Now the whole pipeline for writing training data has been assembled, so we just need to run it over the MASC documents, and then train the classifier on the data that the pipeline has written:

// run the pipeline over the training corpus
SimplePipeline.runPipeline(reader, aggregate.createAggregateDescription());

// train a Mallet CRF model on the training data
Train.main(options.modelDirectory);

Running this code will train the classifier and store it in a “model.jar” file in the given directory.

Note that MASC includes a fair amount of data, and CRF training is slow, so you’ll probably have to wait 5-10 minutes for the model training to complete. Mallet will produce a variety of progress messages as the training moves along.

Running the Trained Classifier on New Text

We have now trained a BIO chunking classifier for named entity recognition!

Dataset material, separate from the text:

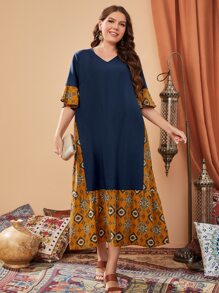 Al Najma 大碼幾何印花鐘形袖直筒連衣裙 - 彩色 - 查看 2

To apply this classifier to new documents, we just need to assemble a pipeline that runs our annotator in classification mode.

Our pipeline will first load the new plain text files, and pre-process them to add sentences, tokens and parts-of-speech (the requirements for our NamedEntityChunker to be able to run and extract its features):

// a reader that loads the URIs of the text file
CollectionReader reader = UriCollectionReader.getCollectionReaderFromFiles(...);

// assemble the classification pipeline
AggregateBuilder aggregate = new AggregateBuilder();

// an annotator that loads the text from the training file URIs
aggregate.add(UriToDocumentTextAnnotator.getDescription());

// annotators that identify sentences, tokens and part-of-speech tags in the text
aggregate.add(SentenceAnnotator.getDescription());
aggregate.add(TokenAnnotator.getDescription());
aggregate.add(PosTaggerAnnotator.getDescription());

Next, we’ll add the NamedEntityChunker annotator, and configure it to load the classifier jar that we built previously:

// our NamedEntityChunker annotator, configured to classify on the new texts
aggregate.add(AnalysisEngineFactory.createPrimitiveDescription(
    NamedEntityChunker.class,
    CleartkSequenceAnnotator.PARAM_IS_TRAINING,
    false,
    GenericJarClassifierFactory.PARAM_CLASSIFIER_JAR_PATH,
    new File(options.modelDirectory, "model.jar")));

That’s it! Now we can run the pipeline and new NamedEntityMention annotations will be added to the CAS:

// run the classification pipeline on the new texts
SimplePipeline.runPipeline(reader, aggregate.createAggregateDescription());